To do ▸
Please output the following records exactly. Leave every image out.

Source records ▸
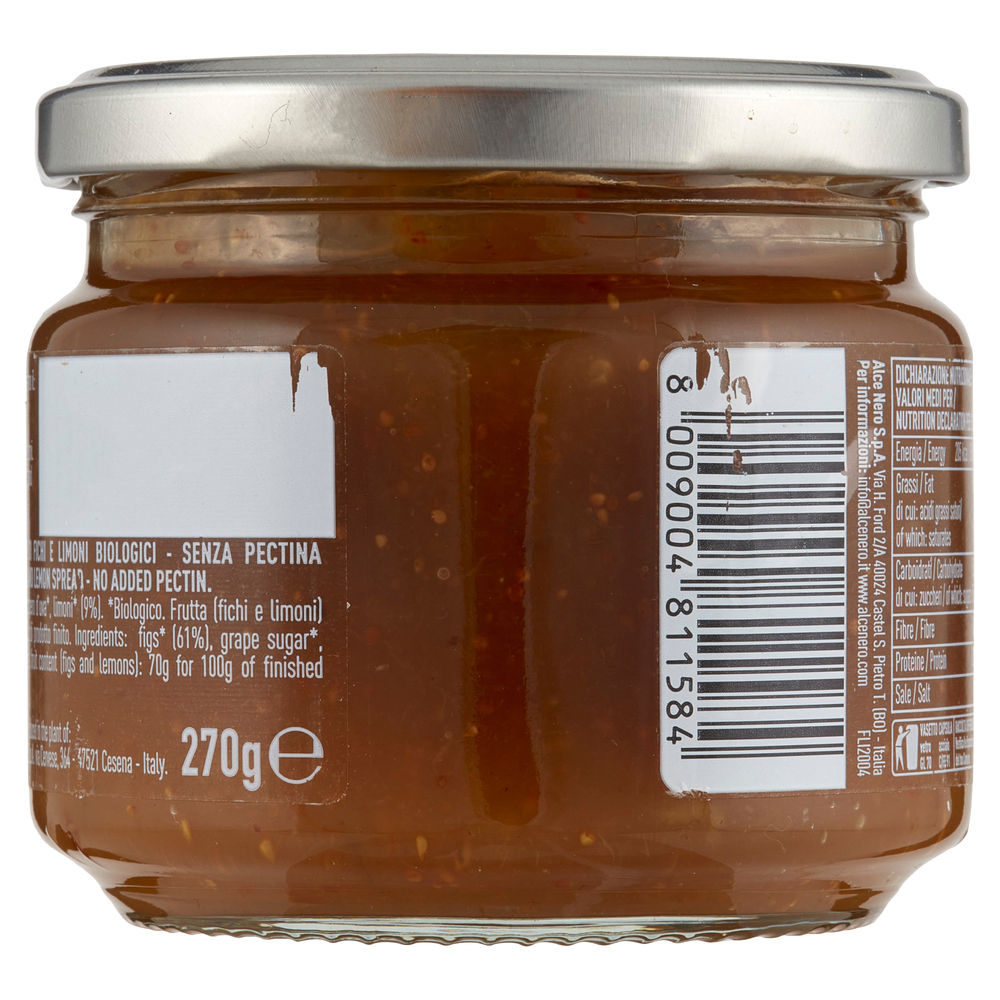 COMPOSTA BIO DI FICHI E LIMONI ALCE NERO BARATTOLO G 270 - 1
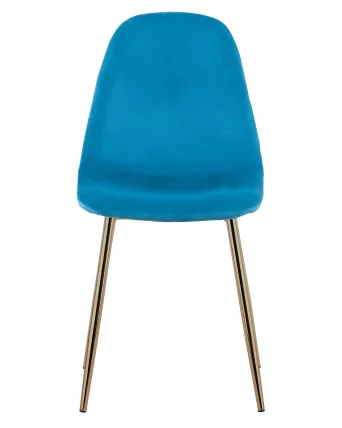 Стул Валенсия велюр золотые ножки Аквамарин_3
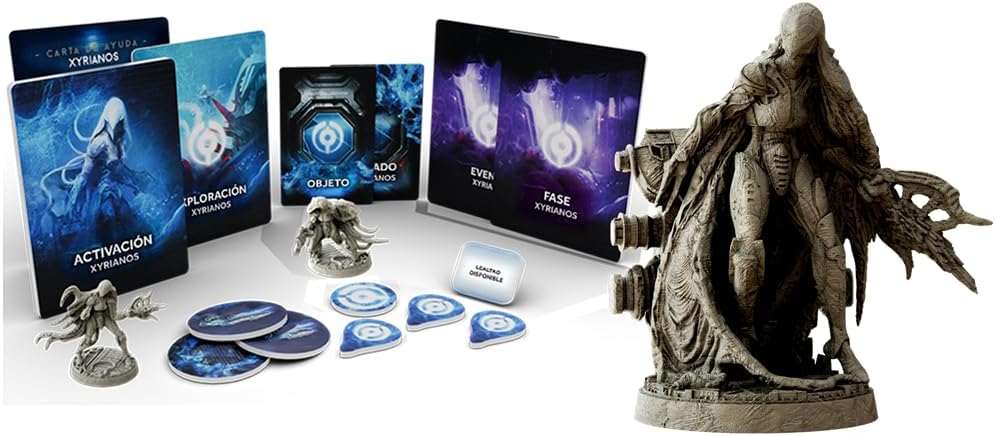 Awaken Realms Nemesis: Xyrianische Represalie, Erweiterung mit 3 Miniaturen Alien-Raubtiere, Neue dr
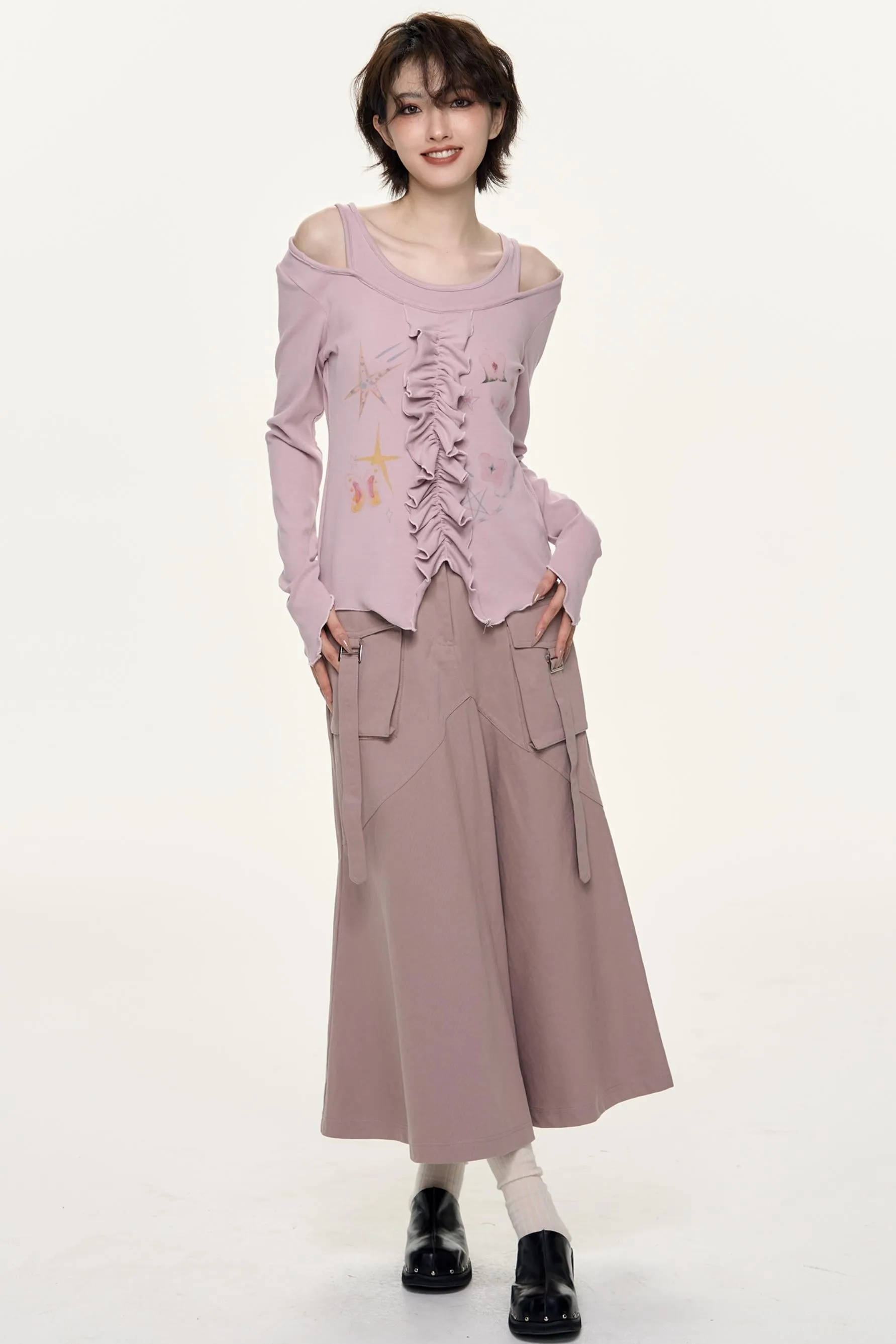 Lilac Layered Top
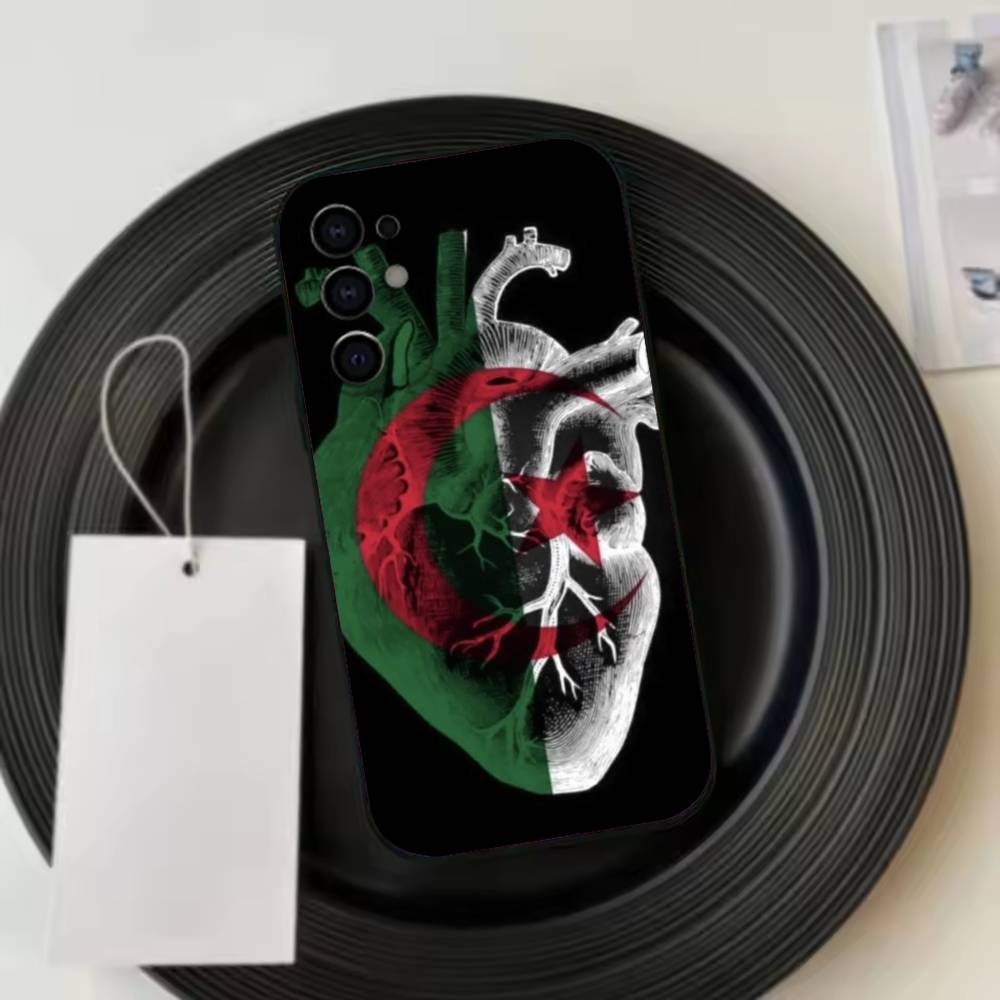 Algeria F-Flag  Phone Case Black Silicone Soft For Samsung S25,S24,S21,S22,S23,S30,Ultra,S20,Plus,Fe,Lite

Task answer ▸
 COMPOSTA BIO DI FICHI E LIMONI ALCE NERO BARATTOLO G 270 - 1
 Стул Валенсия велюр золотые ножки Аквамарин_3
 Awaken Realms Nemesis: Xyrianische Represalie, Erweiterung mit 3 Miniaturen Alien-Raubtiere, Neue dr
 Lilac Layered Top
 Algeria F-Flag  Phone Case Black Silicone Soft For Samsung S25,S24,S21,S22,S23,S30,Ultra,S20,Plus,Fe,Lite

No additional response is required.